DC Edit | Governor’s action exposes hostile Centre-state ties
Tamil Nadu governor Ravindra Narayana Ravi leaving the packed Assembly Hall in a huff even as chief minister Muthuvel Karunanidhi Stalin was addressing the House on Monday was a shocking visual that an entire nation watched with trepidation. It was a moment that not just brought the ongoing acrimonious rift between the governor and the state government in the open but focused the klieg lights on the Centre-state relationship that has seemingly gone awry. Even as naysayers from both sides, who have instantly turned busy as bumble bees, spewed opinions to justify the roles of both the governor and government in the unseemly drama, it was democracy that was caught in the crossfire.

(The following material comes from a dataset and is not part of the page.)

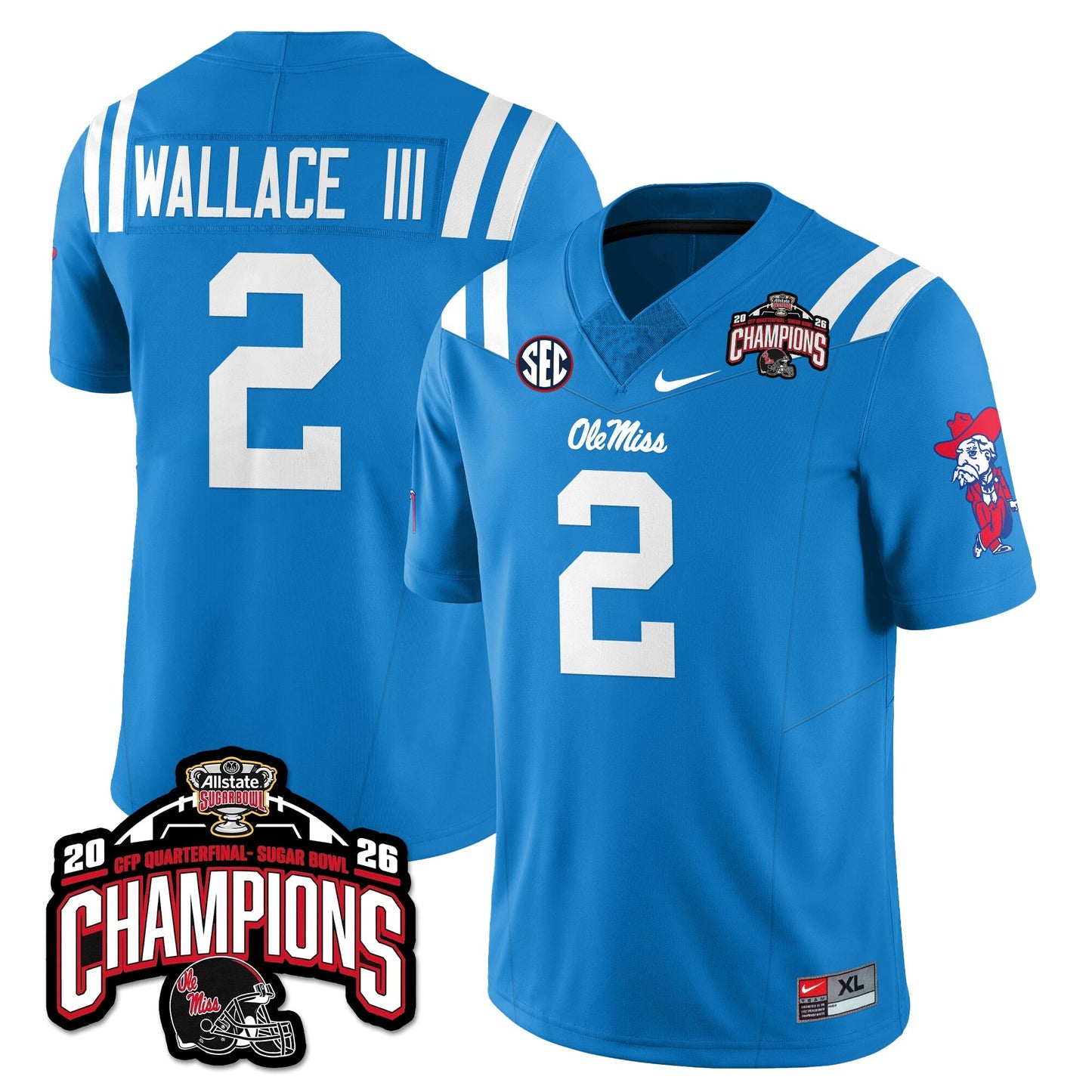 Ole Miss Football Vapor Limited Jersey - Allstate Sugar Bowl Champions - All Stitched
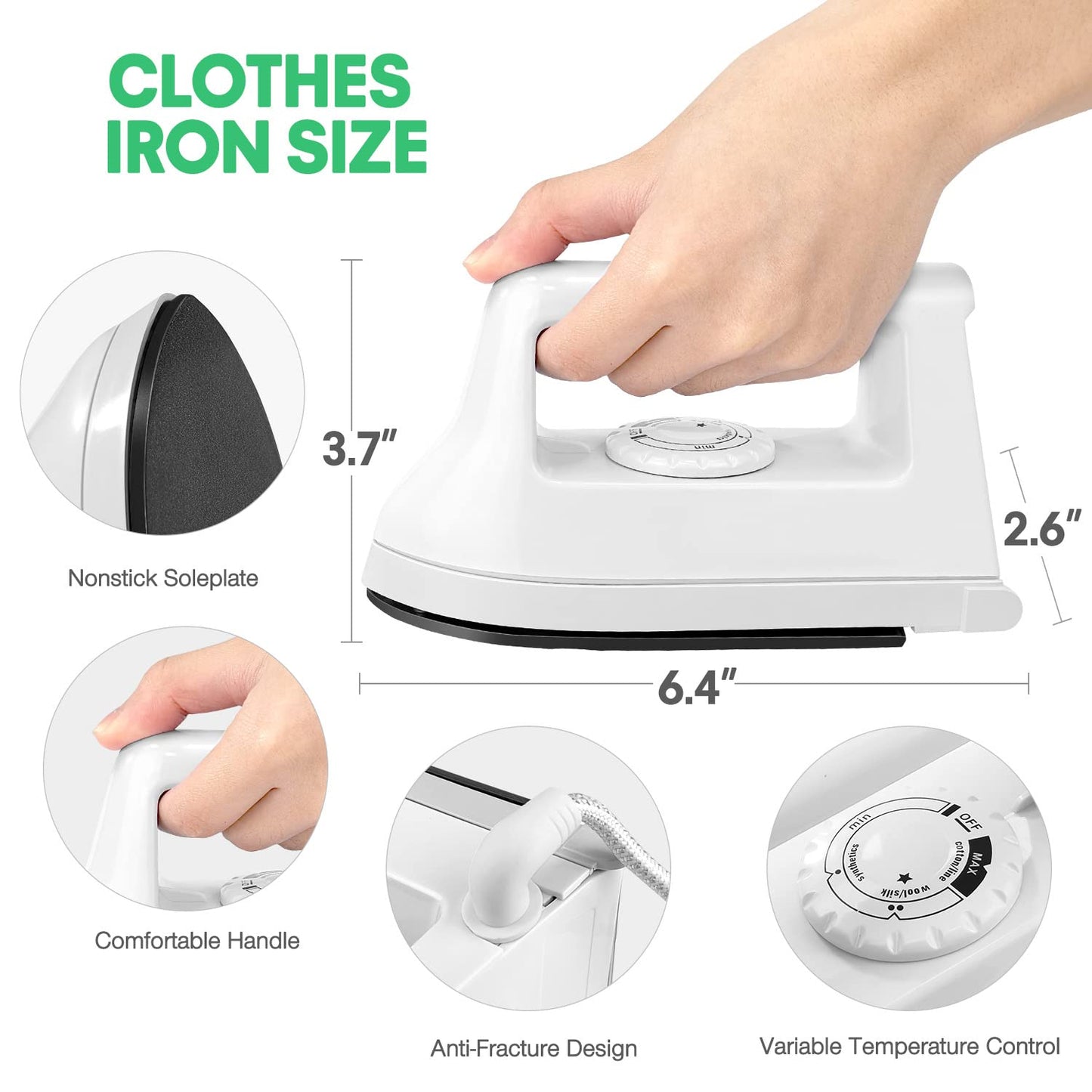 Mini Iron for Crafts Quilting, Travel Iron Household Iron Easy Iron Supplies Mini Electric Iron, Mini Heat Press Machine Sewing Sachine (White) cute05 6.49 x 3.74 x 2.6 inches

While many blamed it squarely on the governor who deliberately skipped passages, phrases and words in the address prepared for him to read out to the Assembly as it met for the first time in the New Year, the opposing camp cited a convention that when the governor was in the House nobody else should speak. Yet squeals had begun emanating even as the governor rose to deliver his address. MLAs owing allegiance to allies of the ruling DMK heckled him, raising slogans against his past acts of omission and commission. Since Mr Ravi had stirred a hornet’s nest, offending the collective sensibilities of the people of Tamil Nadu, by stating that the state should be referred to as Tamizhagam and not Tamil Nadu, it came handy for those protesting MLAs.
Then there was this long-time complaint of the governor keeping in cold storage a score of legislations passed by the same House, in which he was delivering the address on Monday, without dispatching them to New Delhi as he is expected to do precisely. So the MLAs had that axe to grind, too. The PMK, which is not an ally of the DMK but part of the BJP-led NDA, was particularly sour that a legislation banning online gambling that had been causing too many deaths by suicide in the state was also part of the bunch lying with the governor for too long. So those MLAs too joined the protesting brigade that without persisting much left the hallowed precincts soon.
All hell broke loose only when ruling party mandarins realised that the governor was not reading out the full text given to him and was interpolating it with his views. A resolution was drafted expeditiously to ensure that none of what the governor said entered the House records and only the speech prepared by the government was taken into consideration. The governor, who was initially clueless as to what the chief minister was reading out, left when he figured out, with assistance from aide-de-camp, that it was a resolution against him, thus opening a Pandora’s Box.
Critics went to town flaying the intemperate governor for insulting the Assembly and disrespecting the people who had elected its members. Wall paintings and posters with inimical words came up against him. The kindest of hashtags that trended was #GoBackRavi though he received some support from some quarters. But not many openly pointed out that the drama was a fallout of a Union government gameplan to pit hostile governors against elected non-BJP state governments, which in fact is the real threat to democracy.